Copy out the listing that follows, exactly, without its pictures.

_Recorded information_
[Start of section]
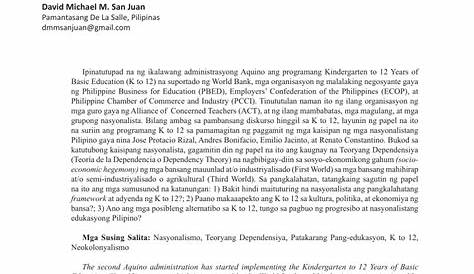 Sanaysay Tungkol Sa Nasyonalismo Sa Pilipinas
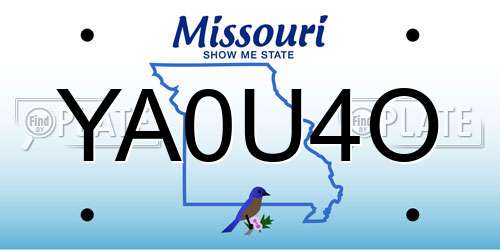 YA0U4O Missouri License Plate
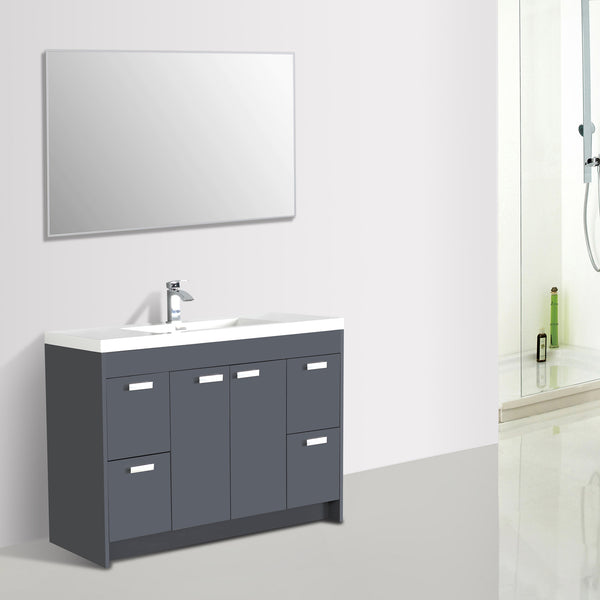 Eviva Lugano 48" Gray Modern Bathroom Vanity w/ White Integrated Top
[End of section]
_Solution_
 Sanaysay Tungkol Sa Nasyonalismo Sa Pilipinas
 YA0U4O Missouri License Plate
 Eviva Lugano 48" Gray Modern Bathroom Vanity w/ White Integrated Top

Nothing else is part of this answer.